The Florence-based shoemaker last Thursday announced it has filed documents to list on the Italian Stock Exchange. A source said Ferragamo’s IPO could value the company at around 1.5 billion euros, or $2.1 billion at current exchange.

Experts said Ferragamo’s IPO, set to take place by July, will float a stake of 30 percent to 40 percent, while the firm revealed Mediobanca and J.P. Morgan will act as global coordinator and joint book runners.

Meanwhile, Prada SpA has an estimated valuation of up to $11 billion, while Moncler SpA’s expected 50 percent float is worth  about $1.5 billion.
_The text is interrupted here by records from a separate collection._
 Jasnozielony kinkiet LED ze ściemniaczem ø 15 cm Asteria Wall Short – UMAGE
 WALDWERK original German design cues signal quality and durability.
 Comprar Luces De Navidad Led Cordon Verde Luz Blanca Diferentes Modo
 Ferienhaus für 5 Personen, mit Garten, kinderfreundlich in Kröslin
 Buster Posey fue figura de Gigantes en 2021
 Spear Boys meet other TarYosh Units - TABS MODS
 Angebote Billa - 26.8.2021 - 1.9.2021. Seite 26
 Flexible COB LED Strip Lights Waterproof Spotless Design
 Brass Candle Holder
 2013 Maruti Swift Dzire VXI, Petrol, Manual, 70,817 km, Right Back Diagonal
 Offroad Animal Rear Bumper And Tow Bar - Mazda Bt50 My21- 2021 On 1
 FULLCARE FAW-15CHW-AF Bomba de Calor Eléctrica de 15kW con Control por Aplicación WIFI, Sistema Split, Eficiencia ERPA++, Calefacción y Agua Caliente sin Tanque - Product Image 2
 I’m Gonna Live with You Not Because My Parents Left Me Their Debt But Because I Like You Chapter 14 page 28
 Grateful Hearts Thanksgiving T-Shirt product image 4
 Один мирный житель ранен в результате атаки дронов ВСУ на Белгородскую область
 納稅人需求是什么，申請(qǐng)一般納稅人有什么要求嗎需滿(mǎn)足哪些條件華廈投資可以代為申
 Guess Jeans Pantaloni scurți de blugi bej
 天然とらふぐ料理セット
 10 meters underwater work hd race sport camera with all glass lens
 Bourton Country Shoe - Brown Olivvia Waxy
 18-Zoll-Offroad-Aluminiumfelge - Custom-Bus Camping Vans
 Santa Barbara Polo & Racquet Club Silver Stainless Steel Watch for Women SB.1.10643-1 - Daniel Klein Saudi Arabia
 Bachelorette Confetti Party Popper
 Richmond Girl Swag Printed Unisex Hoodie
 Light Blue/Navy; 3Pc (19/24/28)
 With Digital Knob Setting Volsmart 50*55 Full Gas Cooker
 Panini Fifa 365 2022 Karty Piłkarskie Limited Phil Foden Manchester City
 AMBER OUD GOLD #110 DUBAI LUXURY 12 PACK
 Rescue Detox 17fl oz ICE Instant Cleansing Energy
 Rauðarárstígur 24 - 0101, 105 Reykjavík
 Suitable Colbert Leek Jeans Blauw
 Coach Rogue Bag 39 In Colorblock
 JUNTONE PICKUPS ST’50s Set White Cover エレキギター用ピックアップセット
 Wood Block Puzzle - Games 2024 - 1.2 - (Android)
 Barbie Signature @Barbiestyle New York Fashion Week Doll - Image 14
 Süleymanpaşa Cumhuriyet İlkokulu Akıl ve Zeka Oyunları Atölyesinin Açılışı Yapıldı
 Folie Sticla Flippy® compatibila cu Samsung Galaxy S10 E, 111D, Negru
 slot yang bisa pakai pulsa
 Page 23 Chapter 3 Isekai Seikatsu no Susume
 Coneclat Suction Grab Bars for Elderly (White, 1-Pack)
Both companies plan to launch their offerings by June.

Recovering equity markets, burgeoning mergers-and-acquisitions activity in the fashion world and strong earnings results for fiscal 2010 appear to be the impetus for luxury companies to launch long-planned IPOs now.

“Once we re-enter growth mode, there becomes tremendous opportunity to grow the brands beyond their core business,” said Marshal Cohen, chief industry analyst at The NPD Group.

Last month, LVMH Moët Hennessy Louis Vuitton bought Italian jeweler Bulgari for $6 billion, while Fung Capital and Jean-Marc Loubier bought 90 percent of shoe label Robert Clergerie.

Ferragamo, which has had to shelve its IPO plans since 2006, hit $1 billion in revenue for fiscal 2010, aided by its direct retail network, which showed a 29.1 percent sales increase. Net profit totaled $80.2 million for the year ended Dec. 31, compared with a loss of $20.4 million in the previous year.

Rambourg said the luxury industry is “looking at sustainable low double-digit growth rates [going forward],” adding that Chinese consumers, who contribute to a quarter of European sales, are a big factor in the boom.